As a meditation teacher, I've often found it helpful to illustrate my points
with analogies drawn from physical skills. And, given the particular range
of skills and disciplines currently popular in America, I've found that one
useful source of analogies is strength training. Meditation is more like a
good workout than you might have thought.
The Buddha himself noticed the parallels here. He defined the practice as a
path of five strengths: conviction, persistence, mindfulness, concentration,
and discernment. He likened the mind's ability to beat down its most
stubborn thoughts to that of a strong man beating down a weaker man. The
agility of a well-trained mind, he said, is like that of a strong man who
can easily flex his arm when it's extended, or extend it when it's flexed.

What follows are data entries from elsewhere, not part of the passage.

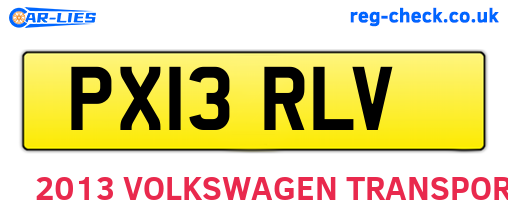 PX13RLV are the vehicle registration plates.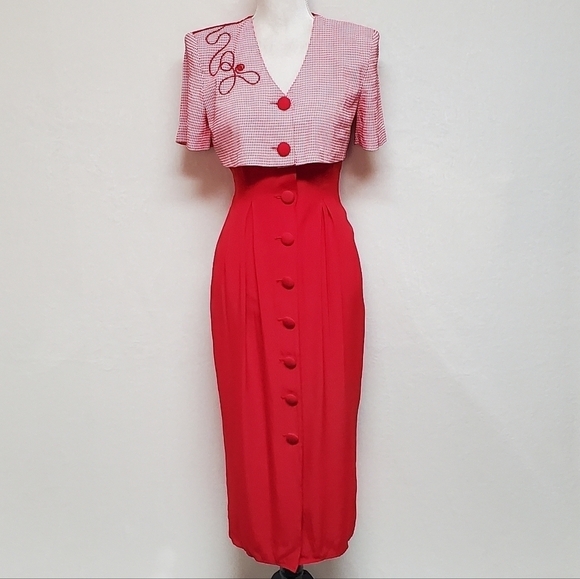 𝅺BRIOCHE 80s Vintage Red Gingham Plaid Cropped Jacket Tie Pleated Wiggle Dress - Picture 4 of 16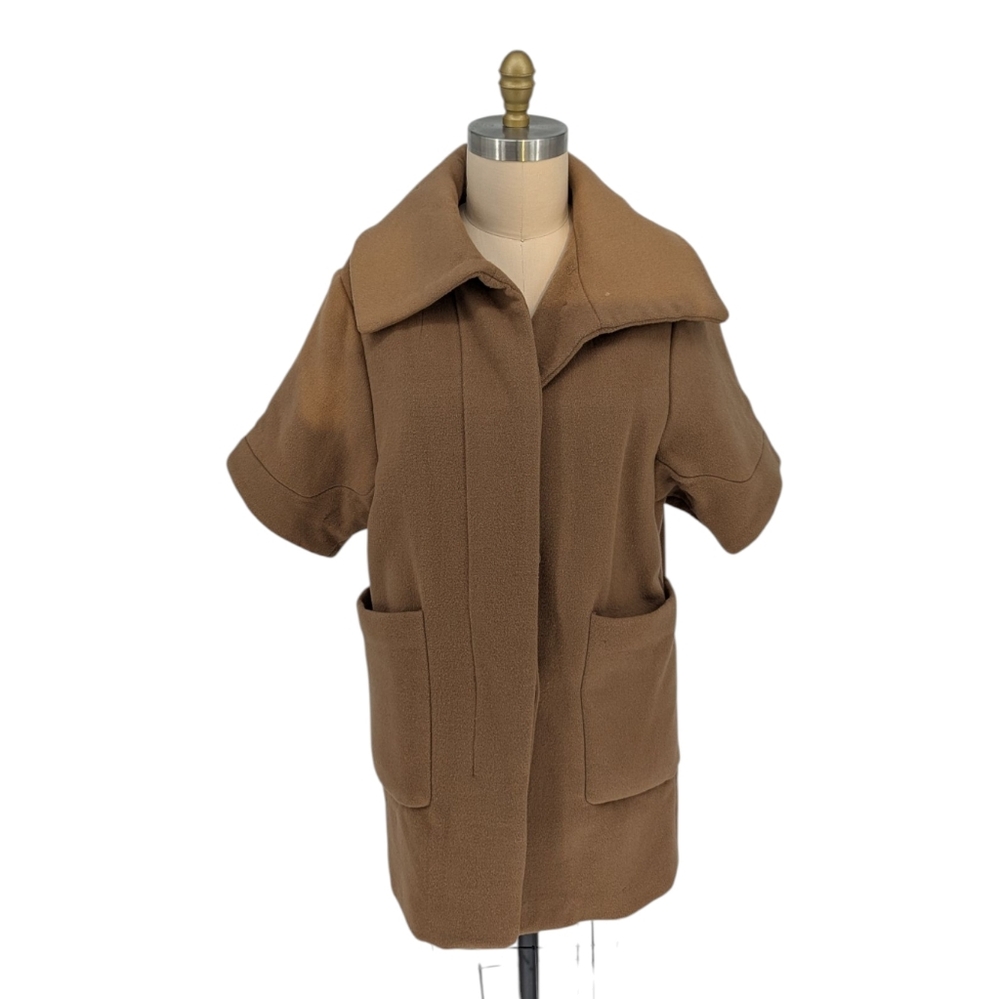 00956 Only Love Collection Wool Pea Coat Tan size Large winter classic preppy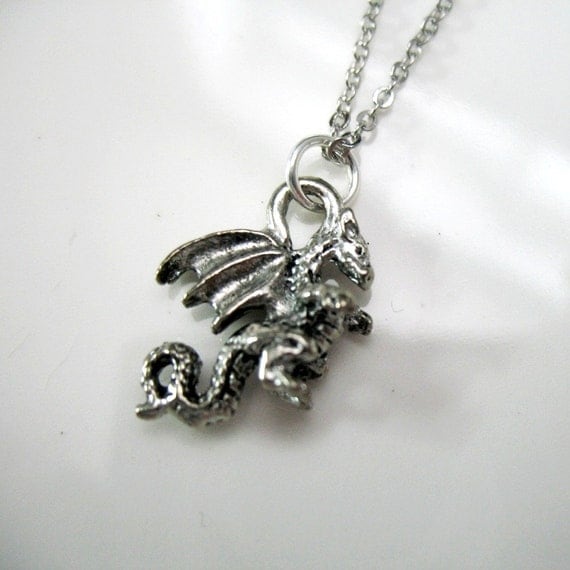 CLEARANCE - Fantasy Dragon Charm Necklace.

And he often compared the higher skills of concentration and discernment to
the skills of archery, which — given the massive bows of ancient India — was
strength training for the noble warriors of his day. These skills included
the ability to shoot great distances, to fire arrows in rapid succession,
and to pierce great masses — the great mass, here, standing for the mass of
ignorance that envelops the untrained mind.
So even if you've been pumping great masses instead of piercing them, you've
been learning some important lessons that will stand you in good stead as a
meditator. A few of the more important lessons are these:
*Read up on anatomy.* If you want to strengthen a muscle, you need to know
where it is and what it moves if you're going to understand the exercises
that target it. Only then can you perform them efficiently. In the same way,
you have to understand the anatomy of the mind's suffering if you want to
understand how meditation is supposed to work. Read up on what the Buddha
had to say on the topic, and don't settle for books that put you at the far
end of a game of telephone. Go straight to the source. You'll find, for
instance, that the Buddha explained how ignorance shapes the way you
breathe, and how that in turn can add to your suffering. This is why most
meditation regimens start with the breath, and why the Buddha's own regimen
takes the breath all the way to nirvana. So read up to understand how and
why.
*Start where you are.* Too many meditators get discouraged at the outset
because their minds won't settle down. But just as you can't wait until
you're big and strong before you start strength training, you can't wait
until your concentration is strong before you start sitting. Only by
exercising what little concentration you have will you make it solid and
steady. So even though you feel scrawny when everyone around you seems big,
or fat when everyone else seems fit, remember that you're not here to
compete with them or with the perfect meditators you see in magazines.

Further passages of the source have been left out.